Scaling Considerations
naia is a single-process authority. Understanding its scaling envelope helps you right-size your server hardware and plan for growth.
What determines concurrency limits
- Bandwidth — each connected user consumes approximately
target_bytes_per_secof outbound bandwidth. At the default 512 kbps per user, a 1 Gbps uplink supports ~2 000 concurrent users if all users are actively receiving replication. Real workloads use far less due to priority-weighted allocation and scope filtering — entities outside a user’s scope send nothing. - CPU — the bottleneck is typically the send loop (priority sort +
serialization per connected user). Profile with
cargo bench --bench iai -p naia_benchto measure instruction counts per tick at your target entity and user counts. - Memory — Historian snapshot buffers are the dominant memory consumer on
servers with many entities. Use
enable_historian_filteredto limit snapshots to the component types you actually query.
Reducing per-user bandwidth cost
- Scope filtering — entities outside a user’s
UserScopeare never sent. A user seeing only 10% of the world’s entities uses only ~10% of the bandwidth of a user seeing everything. - Priority gain
0.0— entities with gain0.0are never selected by the send loop, even if they are in scope. Use this for temporarily invisible entities (fog of war, behind walls). - Static entities — map geometry sent once, never diff-tracked.
- Quantized numeric types —
SignedVariableFloatencodes near-zero per-tick deltas in 3–4 bits vs 32 bits for a baref32. - zstd compression — reduces the wire size of fully-packed packets by 20–40% (default dictionary) or 40–60% (trained dictionary).
Horizontal scaling
naia is a single-process authority with no built-in cross-process state sharing. For games that need horizontal scaling, use zone sharding at the application layer:
Zone A server (naia process) Zone B server (naia process)
owns entities in region A owns entities in region B
│ │
└───── coordination service ────────────┘
(entity hand-off, cross-zone messages, matchmaking)
When a player moves between zones:
- Serialize the player’s replicated component state on the source server.
- Send it to the destination server via your coordination channel (Redis, gRPC, direct TCP — your choice).

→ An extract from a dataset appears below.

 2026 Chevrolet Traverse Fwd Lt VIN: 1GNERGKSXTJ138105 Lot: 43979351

- Despawn the entity on the source server (the client receives
DespawnEntityEvent). - Spawn the entity on the destination server and add the client to the new room.
See Entity Replication — Multi-Server / Zone Architecture for more detail.

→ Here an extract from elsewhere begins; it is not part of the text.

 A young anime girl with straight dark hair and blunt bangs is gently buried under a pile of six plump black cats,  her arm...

Reference numbers (naia bench, native UDP)
From the halo_btb_16v16 benchmark scenario (16 clients × 16 server entities,
20 Hz, basic position replication with quantized types):
| Metric | Value |
|---|---|
| Idle client latency | ~44 µs |
| Per-client send cost | ~722 ns |
| P95 tick duration | < 1 ms |
These are best-case loopback numbers. Real workloads with more components, larger entity counts, and real network conditions will differ. Use the benchmark suite as a relative baseline — run before and after any architectural change.
cargo bench -p naia_bench
cargo bench --bench iai -p naia_bench # requires Valgrind (instruction counts)
Hosting recommendations
- Dedicated bare-metal — offers the best CCU-per-dollar ratio. Providers like Hetzner, OVH, and Vultr bare-metal give you predictable CPU and network without cloud overhead.
- Cloud VMs — convenient for auto-scaling but higher cost per CCU. Works fine for development and low-volume production.

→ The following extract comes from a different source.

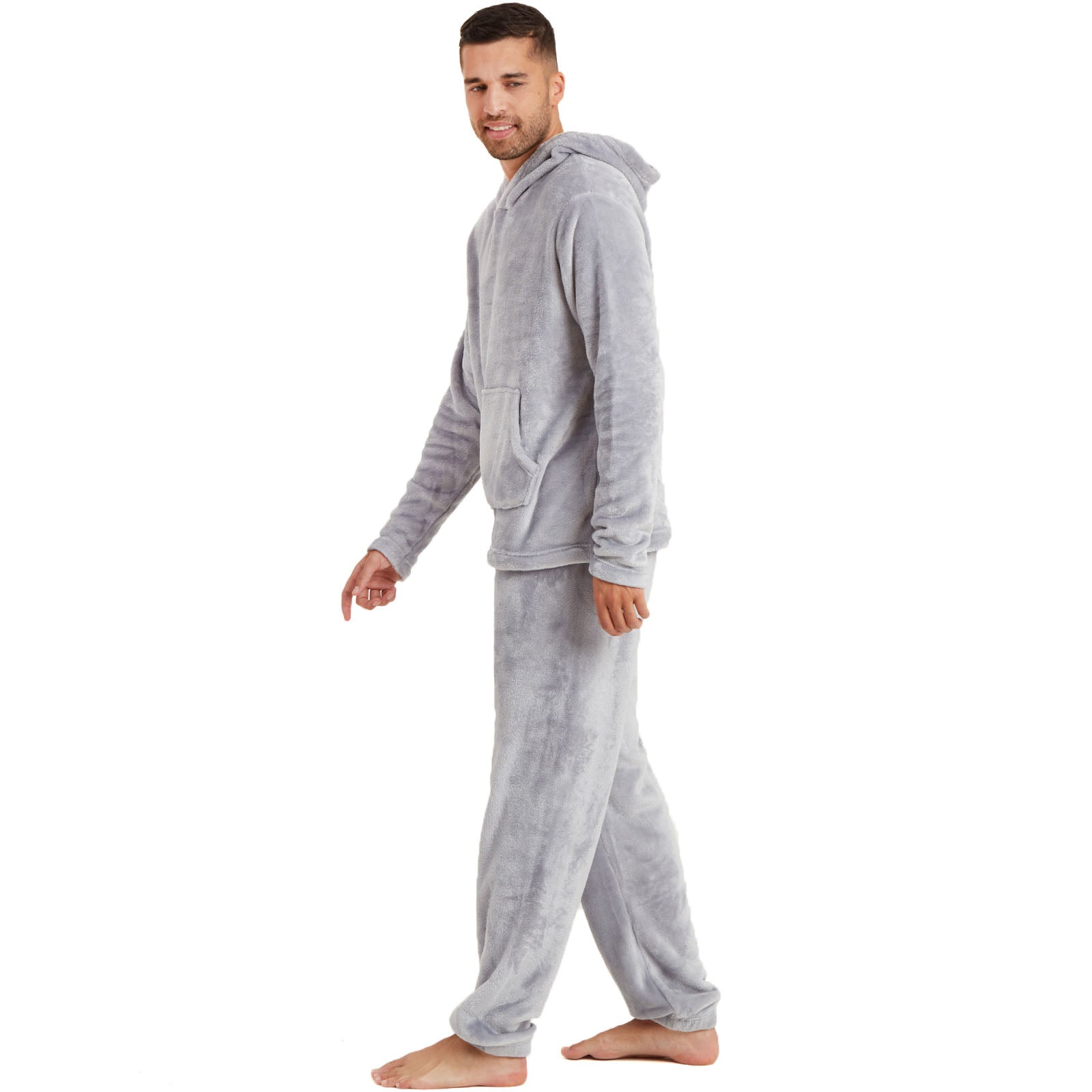 Snuggaroo Men's Soft Fleece Hooded PJs – Cozy Loungewear Set with Pyjama Bottoms and Top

- Cloudflare / CDN edge — appropriate for serving HTML/JS/WASM assets. Do not route naia’s UDP data traffic through a CDN — the overhead at game networking packet rates is not worth the cost.
- Multiple servers — run one naia process per match or zone; use a lightweight coordination layer (a matchmaker, a Redis pub/sub, or a simple TCP relay) for cross-process coordination. This is the recommended path for horizontal scaling.
Tip: Profile your specific component layout and entity count before optimizing. The priority accumulator, scope filtering, and static entities typically close most of the gap between theoretical limits and real workloads before you need horizontal scaling.